It's clear that one shouldn't use floating precision when working with, say, monetary amounts since the variation in precision leads to inaccuracies when doing calculations with that amount.

That said, what are use cases when that is acceptable? And, what are the general principles one should have in mind when deciding?

+2  A: 

I'm guessing you mean "floating point" here. The answer is, basically, any time the quantities involved are approximate, measured, rather than precise; any time the quantities involved are larger than can be conveniently represented precisely on the underlying machine; any time the need for computational speed overwhelms exact precision; and any time the appropriate precision can be maintained without other complexities.

For more details of this, you really need to read a numerical analysis book.

Charlie Martin
+1  A: 

It's appropriate to use floating point types when dealing with scientific or statistical calculations. These will invariably only have, say, 3-8 significant digits of accuracy.

As to whether to use single or double precision floating point types, this depends on your need for accuracy and how many significant digits you need. Typically though people just end up using doubles unless they have a good reason not to.

For example if you measure distance or weight or any physical quantity like that the number you come up with isn't exact: it has a certain number of significant digits based on the accuracy of your instruments and your measurements.

For calculations involving anything like this, floating point numbers are appropriate.

Also, if you're dealing with irrational numbers floating point types are appropriate (and really your only choice) eg linear algebra where you deal with square roots a lot.

Money is different because you typically need to be exact and every digit is significant.

cletus
Single-precision floating point is about 7 decimal digits of precision, and double-precision floating point is about 16.
tgamblin
So what's your point?
cletus
A: 

From Wikipedia:

Floating-point arithmetic is at its best when it is simply being used to measure real-world quantities over a wide range of scales (such as the orbital period of Io or the mass of the proton), and at its worst when it is expected to model the interactions of quantities expressed as decimal strings that are expected to be exact.

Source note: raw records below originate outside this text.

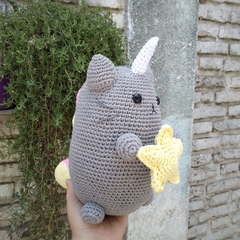 Gato Pusheen Unicornio - comprar online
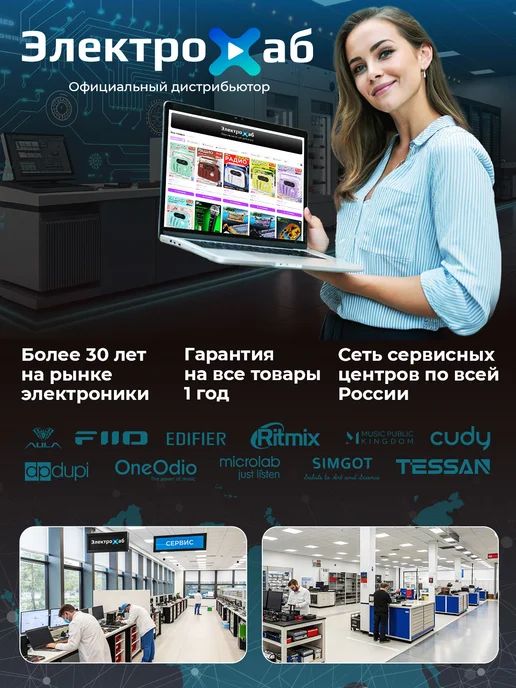 FIIO Усилитель звука для наушников BTR11, вариант, фото 6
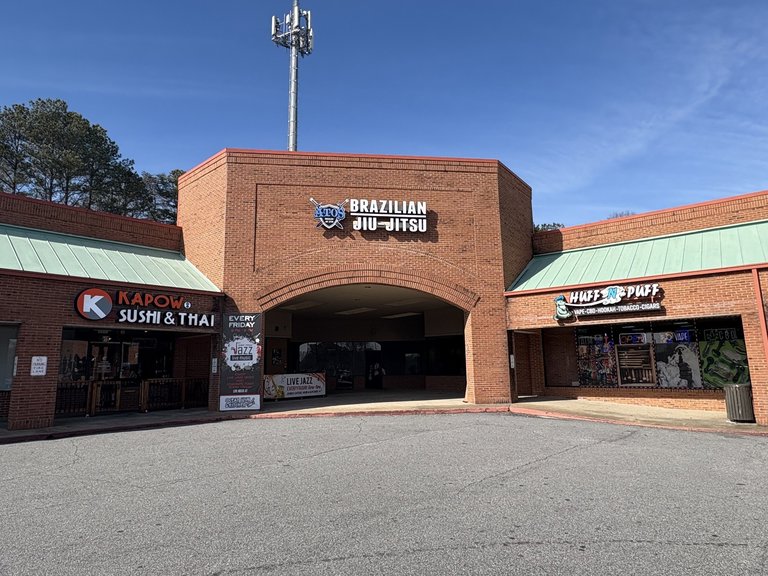 3101 Roswell Road, Marietta, GA, For Lease, Image-3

Floating point is fast but inexact. If that is an acceptable trade off, use floating point.

RossFabricant
+1  A: 

I think you should ask the other way around: when should you not use floating point. For most numerical tasks, floating point is the preferred data type, as you can (almost) forget about overflow and other kind of problems typically encountered with integer types.

One way to look at floating point data type is that the precision is independent of the dynamic, that is whether the number is very small of very big (within an acceptable range of course), the number of meaningful digits is approximately the same.

One drawback is that floating point numbers have some surprising properties, like x == x can be False (if x is nan), they do not follow most mathematical rules (distributivity, that is x( y + z) != x*y + x*z). Depending on the values for z, y, and z, this can matters.

David Cournapeau
The example you gave is distributivity. Associativity is (x + y) + z = x + (y + z).
David Thornley
Actually, the property you've written is distributivity, associativity is a(bc)=(ab)c [similarly for addition]
jpalecek
+1 for pointing out the problem inherent in testing for equality with floating point numbers.
mseery
Geez, thank you for pointing this out, I am ashamed.
David Cournapeau
+3  A: 

Floating point numbers should be used for what they were designed for: computations where what you want is a fixed precision, and you only care that your answer is accurate to within a certain tolerance. If you need an exact answer in all cases, you're best using something else.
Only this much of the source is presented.